Research team identifies a molecular code embedded in protein for regulating its glycosylation

Many proteins in nature exist as glycoproteins, which consist of protein (polypeptide chain) and glycan (sugar chain). The protein structure is determined on the basis of its genetic blueprint, but the information on glycans is not directly encoded by the genome. Therefore, it is difficult to control protein glycosylation.

Under these circumstances, a collaborative research group, including researchers at Nagoya City University, National Institutes of Natural Sciences, and Academia Sinica has found a specific amino acid sequence in a polypeptide that induces a specific glycan structure called Lewis X. The researchers in Japan have previously shown that Lewis X specifically modifies the protein LAMP-1 in mouse neural stem cells through the enzymatic action of fucosyltransferase 9 (FUT9).

In this most recent study published in Communications Biology, they have shown that Lewis X modification specific for LAMP-1 occurs not only in neural stem cells but also in several cultured mammalian cells. Furthermore, they have found that a sequence consisting of 29-amino-acid residues in LAMP-1 promotes Lewis X modification catalyzed by the enzyme, and this sequence induces Lewis X modification when fused to other proteins used as biopharmaceuticals. This means that in glycoprotein molecules, a specific amino-acid sequence can determine their glycan structures.

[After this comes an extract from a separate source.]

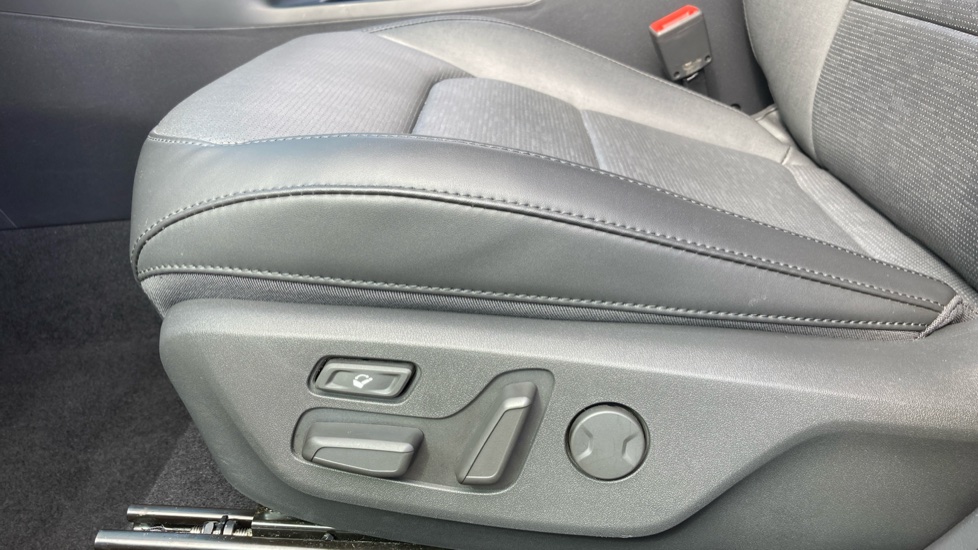 Kia Niro 1.6 GDi 127 Hybrid 4 5dr DCT Hybrid Estate - Image 24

Most biopharmaceuticals are glycoproteins, as best exemplified by therapeutic antibodies. Their glycan structures are critical for their efficacy and safety. Therefore, the control of glycosylation is an important issue in the development of biopharmaceuticals. These findings on a regulatory code of protein glycosylation are expected to pave the way for controlling glycosylation of biopharmaceuticals.